» **Task goal**: Going through the material below, output exactly the lines from the one containing "new 2025 Volkswagen" through the one containing "Brawl Hacks Knuckles vs Sonic", and no pictures.

» **Information provided**:
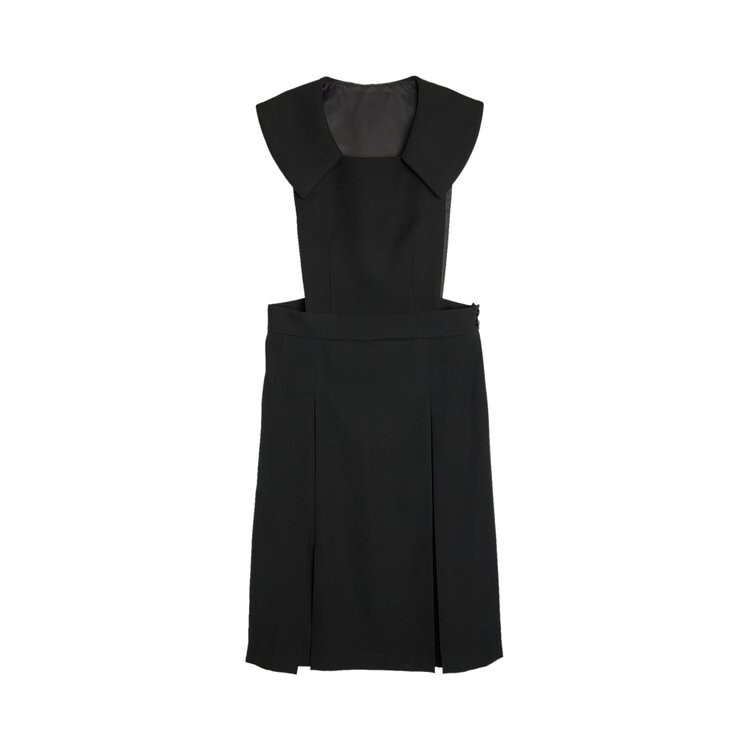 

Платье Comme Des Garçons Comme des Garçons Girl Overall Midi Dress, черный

---

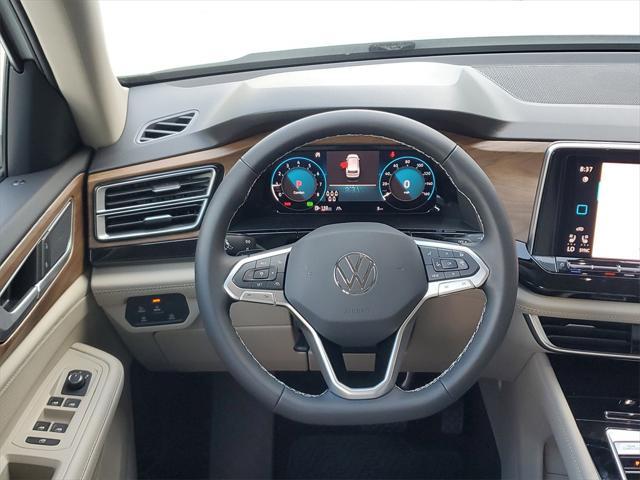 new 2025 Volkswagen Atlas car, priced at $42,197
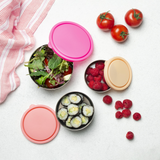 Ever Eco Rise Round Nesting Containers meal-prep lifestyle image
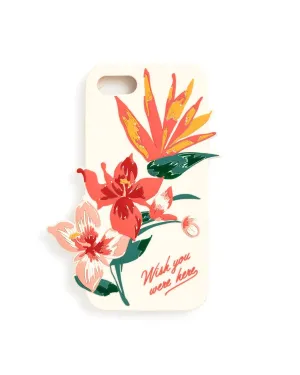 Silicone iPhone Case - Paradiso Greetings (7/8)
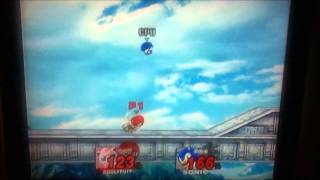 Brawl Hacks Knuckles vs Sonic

» **Finished exercise**:
 new 2025 Volkswagen Atlas car, priced at $42,197
 Ever Eco Rise Round Nesting Containers meal-prep lifestyle image
 Silicone iPhone Case - Paradiso Greetings (7/8)
 Brawl Hacks Knuckles vs Sonic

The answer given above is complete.